Penalized regression models were implemented with the R software package, glmnet77. We investigated models produced using “LASSO” regression techniques (α = 1). The optimal penalty parameters in all cases were determined automatically by using a 10-fold internal cross-validation (cv.glmnet) on the training set. α = 1/2 corresponds to the elastic net penalty that penalizes the coefficients based on their magnitude. We performed two cross-validation schemes for arriving at unbiased estimates of the accuracy of the different DNAm aging clocks. These cross-validation schemes were as follows: (1) Leave One Sample Out Cross Validation (LOOCV) which is based on previously reported methods;78,79 and (2) Leave One Species Out Cross-Validation (LOSOCV), which is a modification of LOOCV that is applied to species instead of individual samples as described in the following. The LOOCV does the following for each of the N samples: delete the one sample from the training set; fit the clock on the training set with (N−1) samples; predict the DNAm age of the deleted sample with the fitted clock. Therefore, the LOOCV allows one to estimate the accuracy of each individual from all species that were included in the training set. By contrast, the LOSOCV iteratively deletes all samples from one species from the training set and then predicts the age of each individual of the species that was removed from the training set. This procedure estimates the accuracy of the OEAC at determining the age of an animal from an odontocete species that was not used for model development. The cross validation study reports unbiased estimates of the age correlation r (defined as Pearson correlation between the DNAm age estimate and chronological age) as well as the median absolute error (MAE). For the odontocete clock, we used a log-linear transformation that explicitly depended on the species characteristics (average age of sexual maturity and gestation time (in years) of the respective species, Supplementary Methods, Supplementary Table 1). The accuracy of the resulting clocks was assessed via the cross validation estimates of: (1) the correlation r between the predicted epigenetic age and the actual (chronological) age of the animal; and (2) the median absolute error (MAE) between DNAm age and chronological age.

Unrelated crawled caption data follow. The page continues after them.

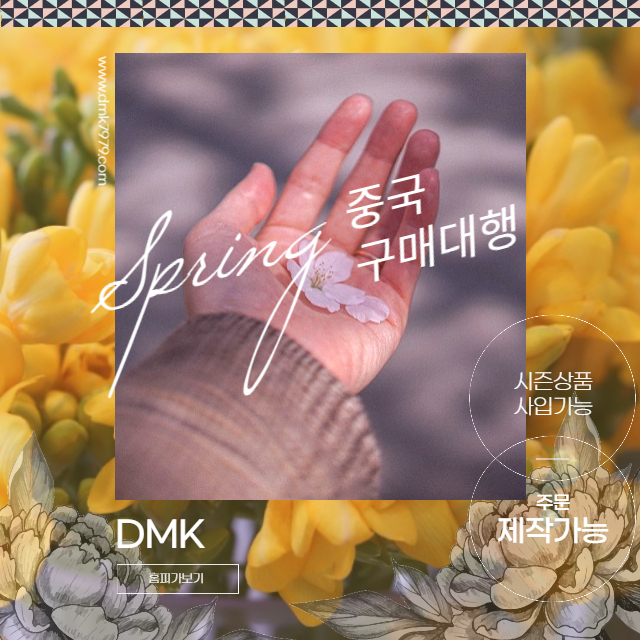 KC인증이라는건 단순한 하나의인증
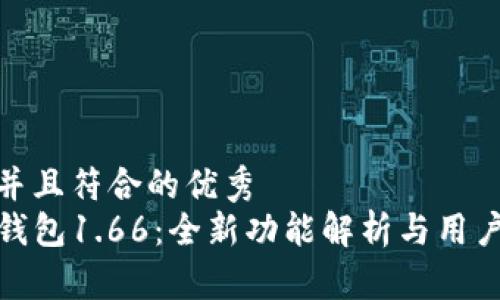 适合推广并且符合的优秀
最新版TP钱包1.66：全新功能解析与用户体验探讨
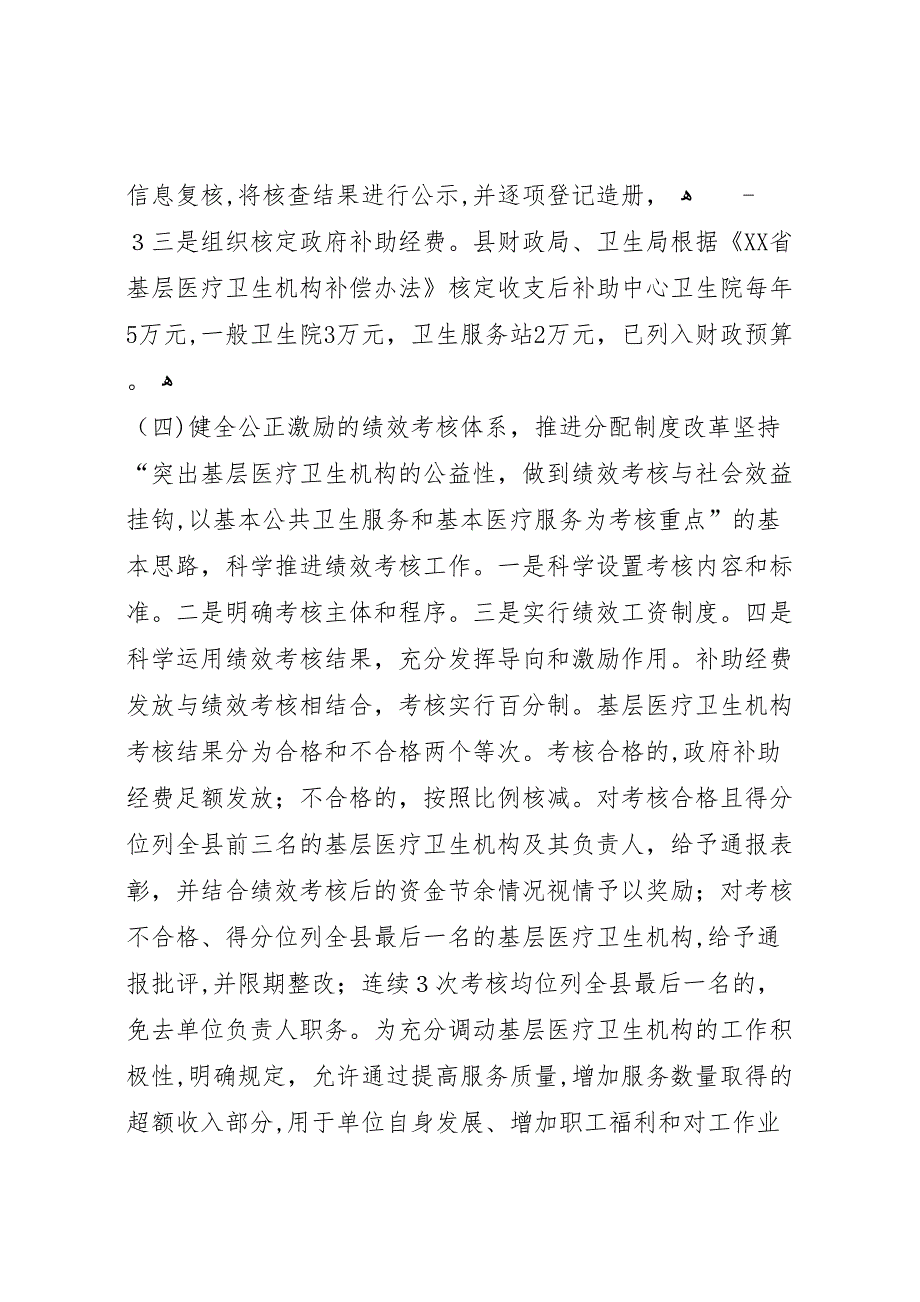 县区基层医疗卫生体制综合改革总结_第3页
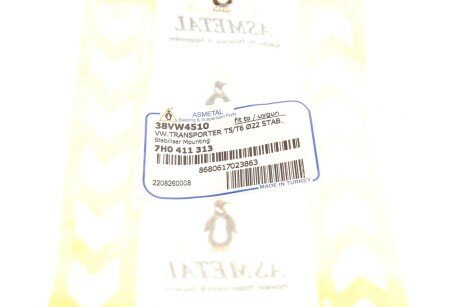 Втулка (резинка) переднего стабилизатора as Metal 38VW4510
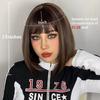 MISSQUEEN Synthetic Brown Gradient Bangs Bob Wig Shoulder-length Straight Wig Suitable for Female Role Daily Wig Heat-resistant Fiber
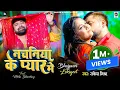 Download Lagu #video | नचनिया के प्यार में | #rakeshmishra | Nachaniya Ke Pyar Me | #bhojpuri Song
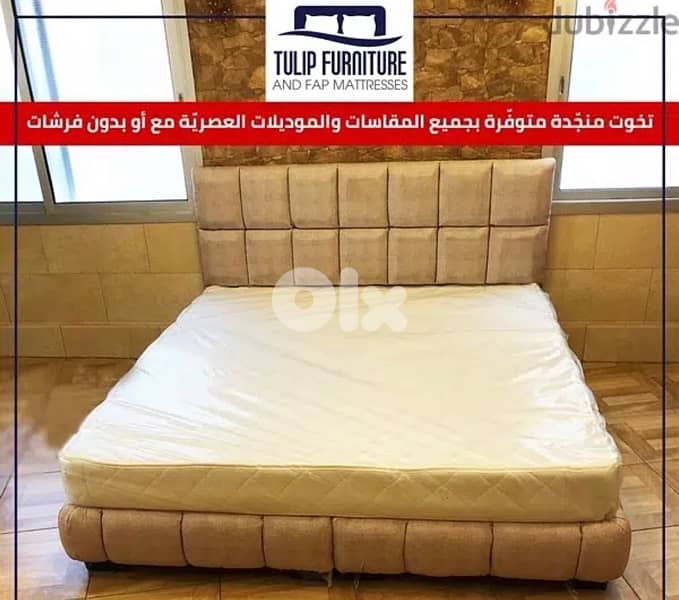 تخوت منجده 0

Statistics and reproducibility

Data collection, and statistical analysis are described in Methods section. All statistical analysis for clock development used R Software (ver 4.0.2)80. Relevant R codes for the clock development are provided (Supplementary Data File 2). Penalized regression models were implemented with the R software package “glmnet”77 and R functions cv.glmnet, predict.glmnet, etc. Data transformations used within regression models are described in Supplementary Information File (Supplementary Methods 1 and Supplementary Table 1).

Reporting summary

Further information on research design is available in the Nature Research Reporting Summary linked to this article.